Maturò la sua conversione nel monastero di Montserrat, e gettò le basi del suo
celebre libro, gli «Esercizi spirituali». Studiò filosofia e teologia a Parigi,
dove fondò la «Compagnia di Gesù», e a Venezia, dove divenne sacerdote.
Stabilitosi a Roma, pose la sua «compagnia», a disposizione del Papa per la
difesa della fede, la riforma della Chiesa, l’opera missionaria. Si capisce
Ignazio alla luce del suo profondo spirito di dedizione, della mistica del
«servizio», del suo ottimismo e dinamismo orientati «alla maggior gloria di
Dio» nella Chiesa e per la Chiesa. Scrisse il «il racconto del pellegrino» (nn.
94-95) dove elencò i luoghi visitati in direzione Gerusalemme. Spero di far
cosa gradita ai miei conterranei vicentini nel riportare i passaggi dove parla
di Vicenza, che visitò nel 1537.
[94] In
quell’anno non salparono navi per l’Oriente perché i Veneziani avevano rotto
le relazioni con i Turchi. Perciò i compagni, vedendo che la possibilità di
quel viaggio si allontanava sempre più, si sparsero per il territorio veneto.
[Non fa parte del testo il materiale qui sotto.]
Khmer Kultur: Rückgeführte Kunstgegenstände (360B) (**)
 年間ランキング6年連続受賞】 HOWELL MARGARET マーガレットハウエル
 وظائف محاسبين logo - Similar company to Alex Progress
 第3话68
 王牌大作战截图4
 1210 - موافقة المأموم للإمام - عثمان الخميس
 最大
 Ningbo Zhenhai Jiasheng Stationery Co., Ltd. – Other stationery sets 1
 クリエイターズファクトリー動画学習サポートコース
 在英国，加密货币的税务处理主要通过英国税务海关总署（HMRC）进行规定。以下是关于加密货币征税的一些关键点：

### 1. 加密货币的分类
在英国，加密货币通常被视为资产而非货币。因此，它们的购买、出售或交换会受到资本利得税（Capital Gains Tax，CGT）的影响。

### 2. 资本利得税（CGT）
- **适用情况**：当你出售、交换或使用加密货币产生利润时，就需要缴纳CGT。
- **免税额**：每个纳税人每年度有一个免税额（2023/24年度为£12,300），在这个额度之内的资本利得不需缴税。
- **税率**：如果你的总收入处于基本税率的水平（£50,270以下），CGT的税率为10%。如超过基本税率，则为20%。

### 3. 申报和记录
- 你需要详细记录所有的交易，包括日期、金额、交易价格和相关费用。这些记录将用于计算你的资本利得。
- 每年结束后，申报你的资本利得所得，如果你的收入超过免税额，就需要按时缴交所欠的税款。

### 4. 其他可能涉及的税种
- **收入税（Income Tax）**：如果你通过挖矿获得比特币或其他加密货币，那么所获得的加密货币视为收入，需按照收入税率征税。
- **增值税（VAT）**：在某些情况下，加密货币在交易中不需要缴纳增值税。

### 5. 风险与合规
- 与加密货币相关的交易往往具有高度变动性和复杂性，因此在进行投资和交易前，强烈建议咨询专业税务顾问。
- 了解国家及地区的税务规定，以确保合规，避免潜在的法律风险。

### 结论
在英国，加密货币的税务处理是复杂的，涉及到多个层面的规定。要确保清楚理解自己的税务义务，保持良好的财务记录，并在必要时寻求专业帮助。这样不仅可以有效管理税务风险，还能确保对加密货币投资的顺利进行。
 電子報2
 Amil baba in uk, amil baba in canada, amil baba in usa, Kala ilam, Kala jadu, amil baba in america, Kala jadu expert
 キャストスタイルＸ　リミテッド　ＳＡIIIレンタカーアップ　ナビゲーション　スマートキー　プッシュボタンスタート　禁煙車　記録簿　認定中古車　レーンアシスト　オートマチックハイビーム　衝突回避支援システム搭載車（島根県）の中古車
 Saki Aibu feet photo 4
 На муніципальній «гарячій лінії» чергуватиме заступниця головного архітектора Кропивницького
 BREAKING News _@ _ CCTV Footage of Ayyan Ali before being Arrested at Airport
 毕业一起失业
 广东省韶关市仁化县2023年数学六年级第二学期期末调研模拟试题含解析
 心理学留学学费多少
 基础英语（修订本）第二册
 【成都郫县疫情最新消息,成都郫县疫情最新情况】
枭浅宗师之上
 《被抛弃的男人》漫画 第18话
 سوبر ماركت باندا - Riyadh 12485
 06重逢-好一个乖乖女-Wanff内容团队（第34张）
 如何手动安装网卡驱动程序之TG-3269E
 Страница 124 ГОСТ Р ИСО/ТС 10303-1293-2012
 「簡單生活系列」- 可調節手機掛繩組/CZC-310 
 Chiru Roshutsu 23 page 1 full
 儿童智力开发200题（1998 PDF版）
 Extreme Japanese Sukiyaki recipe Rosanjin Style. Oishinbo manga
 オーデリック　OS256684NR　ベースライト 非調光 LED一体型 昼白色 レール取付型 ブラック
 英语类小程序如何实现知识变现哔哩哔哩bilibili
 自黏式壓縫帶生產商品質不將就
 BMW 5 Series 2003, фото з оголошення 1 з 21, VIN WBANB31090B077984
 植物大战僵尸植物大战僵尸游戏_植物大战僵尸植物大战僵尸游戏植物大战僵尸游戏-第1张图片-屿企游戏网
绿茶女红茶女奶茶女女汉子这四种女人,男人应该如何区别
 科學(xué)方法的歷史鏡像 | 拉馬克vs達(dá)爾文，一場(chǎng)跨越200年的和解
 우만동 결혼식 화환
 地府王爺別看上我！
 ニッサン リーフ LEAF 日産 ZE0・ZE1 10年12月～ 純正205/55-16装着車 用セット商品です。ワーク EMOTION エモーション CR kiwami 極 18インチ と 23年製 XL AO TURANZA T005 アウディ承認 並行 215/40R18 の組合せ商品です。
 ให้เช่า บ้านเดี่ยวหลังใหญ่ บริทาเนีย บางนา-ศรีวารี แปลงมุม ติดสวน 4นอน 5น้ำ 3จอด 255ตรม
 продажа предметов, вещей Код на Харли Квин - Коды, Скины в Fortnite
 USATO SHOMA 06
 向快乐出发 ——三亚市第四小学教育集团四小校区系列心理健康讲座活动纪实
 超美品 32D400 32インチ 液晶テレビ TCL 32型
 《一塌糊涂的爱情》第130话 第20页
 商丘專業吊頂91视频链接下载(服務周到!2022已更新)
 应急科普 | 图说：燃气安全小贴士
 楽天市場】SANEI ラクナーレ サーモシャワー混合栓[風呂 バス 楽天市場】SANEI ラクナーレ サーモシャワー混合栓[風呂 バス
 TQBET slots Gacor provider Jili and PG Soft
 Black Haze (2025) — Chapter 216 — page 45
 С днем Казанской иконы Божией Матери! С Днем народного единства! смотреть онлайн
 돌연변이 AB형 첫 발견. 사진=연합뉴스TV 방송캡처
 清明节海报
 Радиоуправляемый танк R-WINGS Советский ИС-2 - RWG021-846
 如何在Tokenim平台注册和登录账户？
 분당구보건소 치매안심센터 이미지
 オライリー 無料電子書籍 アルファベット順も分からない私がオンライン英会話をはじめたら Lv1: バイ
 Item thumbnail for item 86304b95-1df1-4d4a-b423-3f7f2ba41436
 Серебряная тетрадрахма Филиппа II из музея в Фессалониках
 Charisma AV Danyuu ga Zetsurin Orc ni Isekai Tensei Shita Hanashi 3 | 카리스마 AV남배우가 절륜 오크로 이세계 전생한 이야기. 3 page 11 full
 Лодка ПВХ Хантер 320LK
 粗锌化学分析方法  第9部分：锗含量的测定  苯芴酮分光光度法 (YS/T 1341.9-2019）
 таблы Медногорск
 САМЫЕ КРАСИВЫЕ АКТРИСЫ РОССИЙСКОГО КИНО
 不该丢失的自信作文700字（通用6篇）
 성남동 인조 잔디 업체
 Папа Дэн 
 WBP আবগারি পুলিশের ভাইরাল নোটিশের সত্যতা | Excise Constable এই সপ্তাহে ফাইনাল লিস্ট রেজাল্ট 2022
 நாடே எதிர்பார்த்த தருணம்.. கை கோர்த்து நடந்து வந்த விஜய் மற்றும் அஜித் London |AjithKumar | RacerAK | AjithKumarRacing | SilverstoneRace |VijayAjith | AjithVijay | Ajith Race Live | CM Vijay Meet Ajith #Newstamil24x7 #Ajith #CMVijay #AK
Come ne avevano fatto voto, vi avrebbero atteso l’imbarco per un anno, e se
questo fosse trascorso senza poter intraprendere la traversata, sarebbero
andati a Roma. Il pellegrino andò, con Favre e Laínez, a Vicenza. Trovarono,
fuori città, una casa che non aveva porte né finestre; vi presero alloggio
dormendo sopra un pò di paglia che avevano portato. Due di loro andavano
regolarmente a chiedere elemosina in città due volte al giorno; ma quello che
ricevevano era così scarso che quasi non bastava per vivere. Di solito
mangiavano un poco di pancotto, quando l’avevano, e lo cucinava colui che
rimaneva in casa. Trascorsero in questo modo quaranta giorni, dedicandosi solo
alla preghiera.
[95]
Dopo questi quaranta giorni arrivò il maestro Giovanni Codure. Allora tutti e
quattro decisero di cominciare a predicare. Si recarono in quattro diverse
piazze e, lo stesso giorno, la stessa ora, dopo avere chiamato la gente a gran
voce e facendo segni con la berretta, ciascuno cominciò la sua predica. Questi
discorsi suscitarono profonda impressione in città; molte persone ne furono infervorate
e i compagni ebbero i necessari mezzi di sostentamento con maggiore larghezza.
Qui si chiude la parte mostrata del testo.